This Note describes the moving parts.  You will find more
background in MR !1869 and ticket #16893.

Idea: tag incoherently-originating dictionaries in the typechecker's output with an application of GHC.Magic.nospec, so that the specializer can avoid them (see GHC.Tc.Instance.Class for details).

This gives us a way to keep the current well-specified semantics of incoherent instances without giving up specialization for a whole module.

Idea: tag incoherently-originating dictionaries in the typechecker's output with an application of GHC.Magic.nospec, so that the specializer can avoid them (see GHC.Tc.Instance.Class for details).

This is a promising idea to reduce the damage from {-# INCOHERENT #-} instances.

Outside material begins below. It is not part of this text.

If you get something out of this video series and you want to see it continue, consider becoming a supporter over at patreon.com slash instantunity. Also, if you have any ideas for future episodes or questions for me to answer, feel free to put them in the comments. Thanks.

We have an existing precedent: see Note [withDict] in GHC.Tc.Instance.Class, wrinkle (WD6). withDict is the archetypal example of incoherence!

withDict is the archetypal example of incoherence!

Missed opportunity to call it "the canonical example of non-canonicity"!

changed the description

added Pnormal Tbug labels

assigned to @cactus

OK so I finally have some time to look into this. To make it more concrete, for the original example in this ticket, currently we generate the following code:

gen :: forall a. a -> String
gen = \@a -> 
  let $dC_a :: C a = $fMyC_a @a in 
  bar @a $dC_a

instead, we would like to generate:

gen :: forall a. a -> String
gen = \@a -> 
  let $dC_a :: C a = $fMyC_a @a in 
  nospec @(C a => a -> String) (bar @a) $dC_a

Getting the "we arrived at the $fMyC_a decision in a potentially incoherent way" flag from instance lookup to match_one is straightforward. However, in match_one, we are only generating the code for the right-hand side of $dC_a's binding. The code for passing $dC_a to bar @a is done by the HsWrapper made in instCallConstraints, which doesn't yet know what the result of solving the just-emitted Wanted for C a is going to be.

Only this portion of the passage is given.